Personal information
- Born: January 14, 1917 Pittsburgh, Pennsylvania, U.S.
- Died: April 19, 1980 (aged 63) Florida, U.S.
- Listed height: 6 ft 0 in (1.83 m)
- Listed weight: 181 lb (82 kg)

Career information
- High school: Central Catholic (Pittsburgh)
- College: Pittsburgh (1935–1938)

Awards and highlights
- National champion (1937);

= Fabian Hoffman =

American football player (1917–1980)

Fabian Henry Hoffman (January 14, 1917 – April 19, 1980) was an American football end who played for the Pittsburgh Panthers. He was selected in the 13th round (112th overall) of the 1939 NFL draft by the Pittsburgh Steelers, but opted not to play professionally.

Hoffman was born on January 14, 1917, in Pittsburgh, Pennsylvania. He attended Central Catholic High School there, graduating in 1935, before going to University of Pittsburgh.

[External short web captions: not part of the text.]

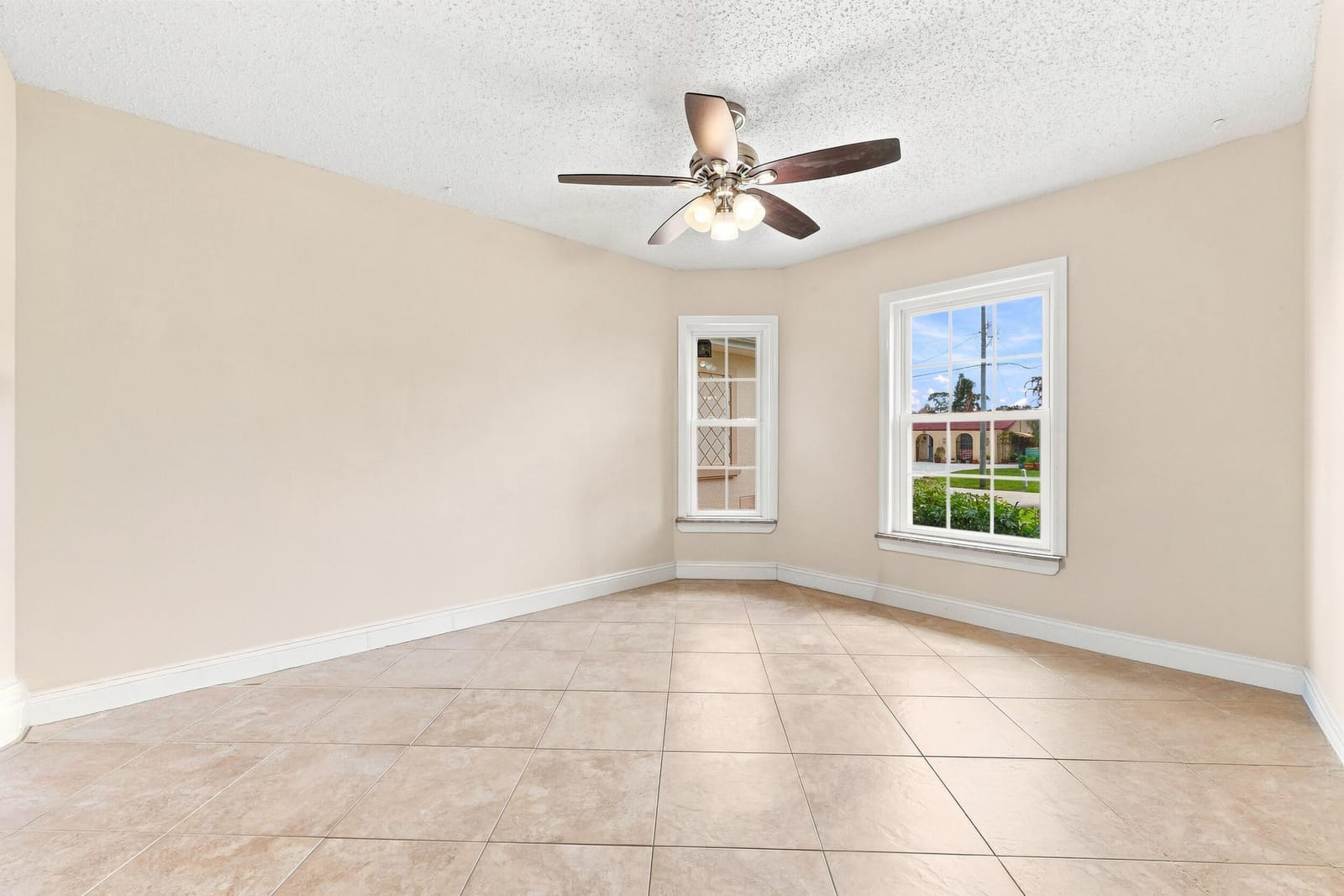 381 NE Surfside Avenue, Port St. Lucie, FL 34983 photo 25
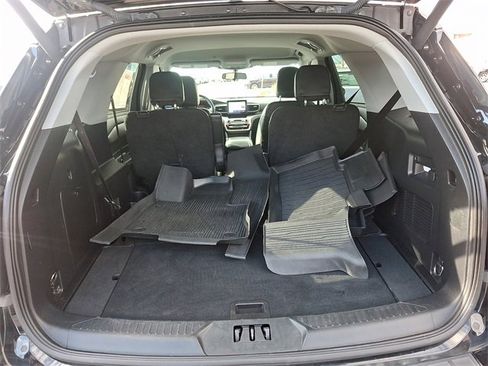 Used 2022 Ford Explorer XLT w/ Equipment Group 202A image 28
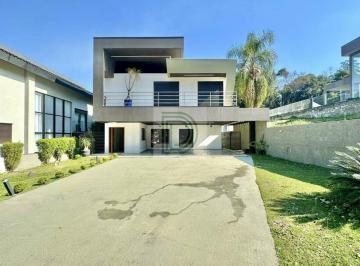 Casa · 360m² · 4 Quartos · 8 Vagas · Cond. Vintage - Casa Moderna, 4 Suítes, Piscina e Excelente Localização!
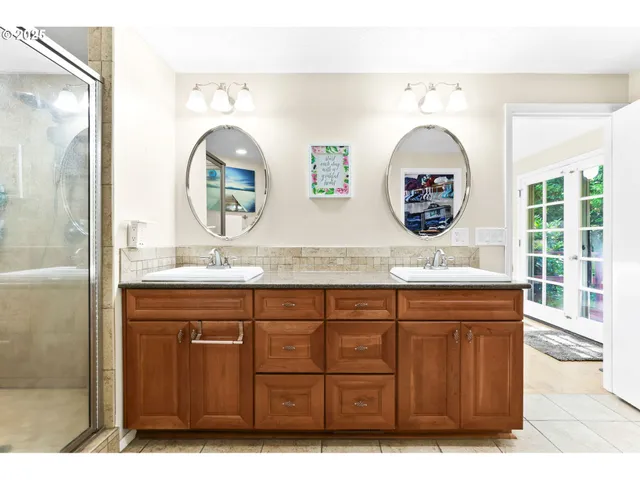 $899,900 | 37330 Southeast Dodge Park Boulevard, Boring, OR 97009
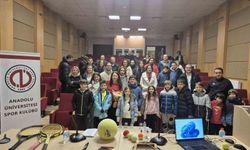 Anadolu Üniversitesi'nden tenisçilere tam destek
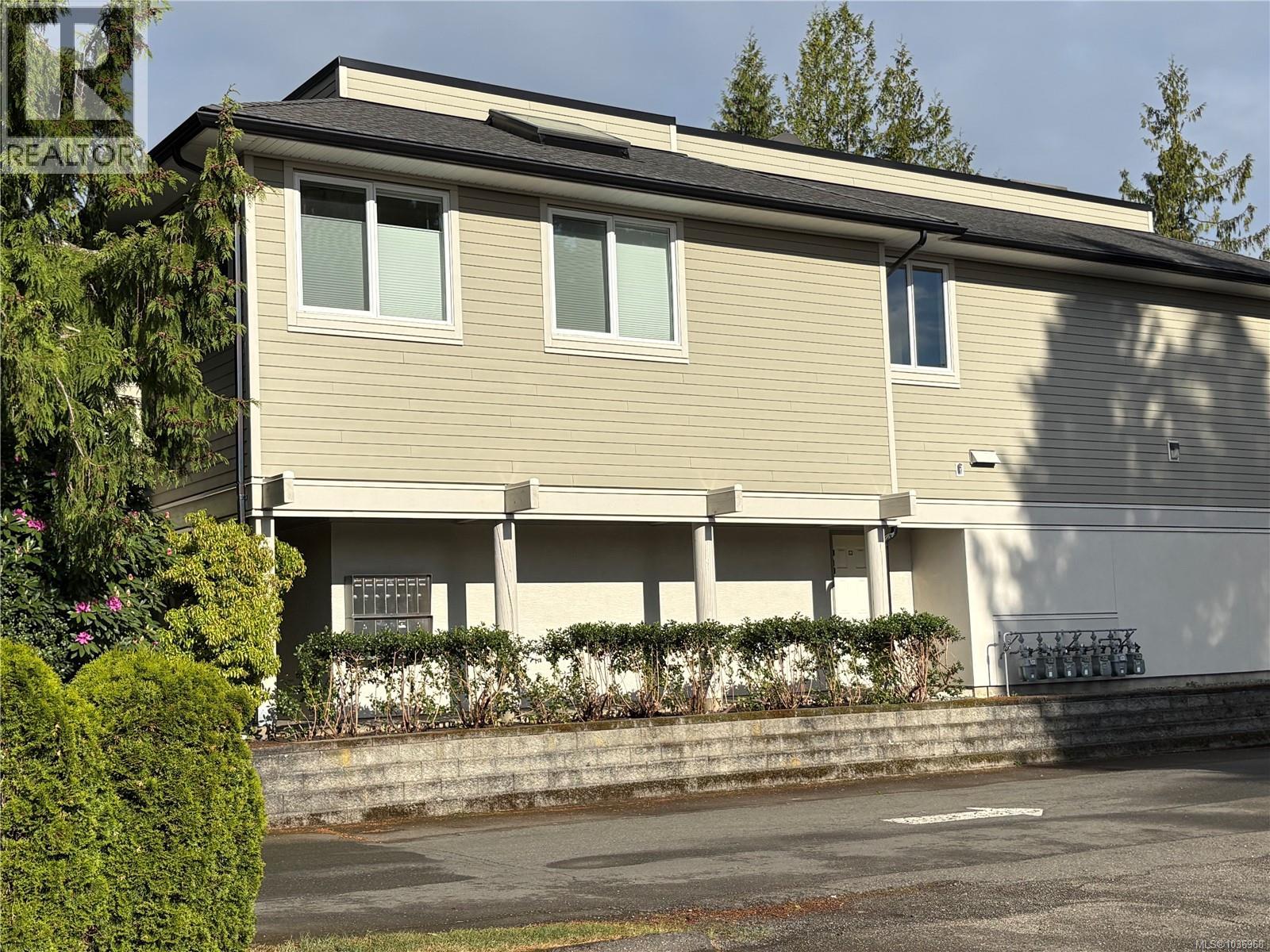 7 219 Fern Rd W, Qualicum Beach, British Columbia  V9K 2M2 - Photo 2 - 1036968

Hoffman played end on their freshman football team that year, before joining the varsity squad one year later. Hoffman was a member of their 1937 roster, which won the national championship. He reported late to the team in 1938 and lost his starting job as a result. Following the season, he was named by Paul Mickelson to the "All-America team of Unsung Heroes". He was selected in the 13th round (112th overall) of the 1939 NFL draft by the Pittsburgh Steelers, but opted not to pursue a professional career and instead got a coaching position with Kittanning High School. He died in 1980, at the age of 63.